Manage AlloyDB maintenance updates using a staging cluster

To minimize risk to your AlloyDB for PostgreSQL production workloads, you can use a staging cluster to test new features, performance, and functionality before you apply updates to your production systems. A staging cluster is a copy of your production cluster that adds a layer of control to the maintenance update process. Using a staging cluster to test maintenance updates lets you identify and address potential issues in a non-production environment. This approach reduces the risk of downtime and performance degradation in your production systems.

Maintenance updates to AlloyDB are periodic, often monthly.
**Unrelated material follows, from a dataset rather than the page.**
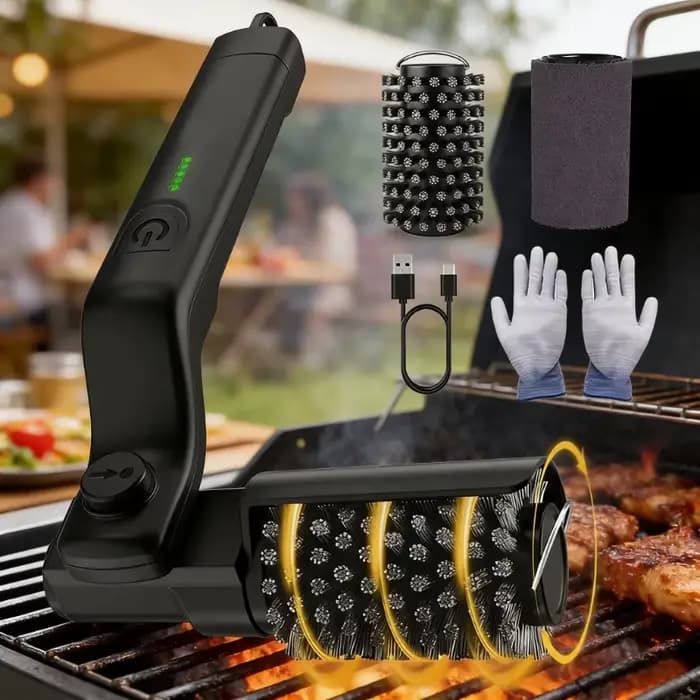 Brosse électrique pour nettoyer les grilles de barbecue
Updates include new features, bug fixes, database compatibility upgrades, and security-related fixes. While AlloyDB releases are forward-compatible, we recommend that you test new releases on a staging environment to ensure database stability and predictability for the critical applications on your production cluster.

To use a staging cluster, you follow these high-level steps:

Set up a staging cluster.
Configure a maintenance window on a production cluster.
Manage staging cluster updates.
Manage production cluster updates.

This staging validation approach to AlloyDB maintenance ensures that your production environment remains stable, performant, and secure while it benefits from the latest AlloyDB features and patches.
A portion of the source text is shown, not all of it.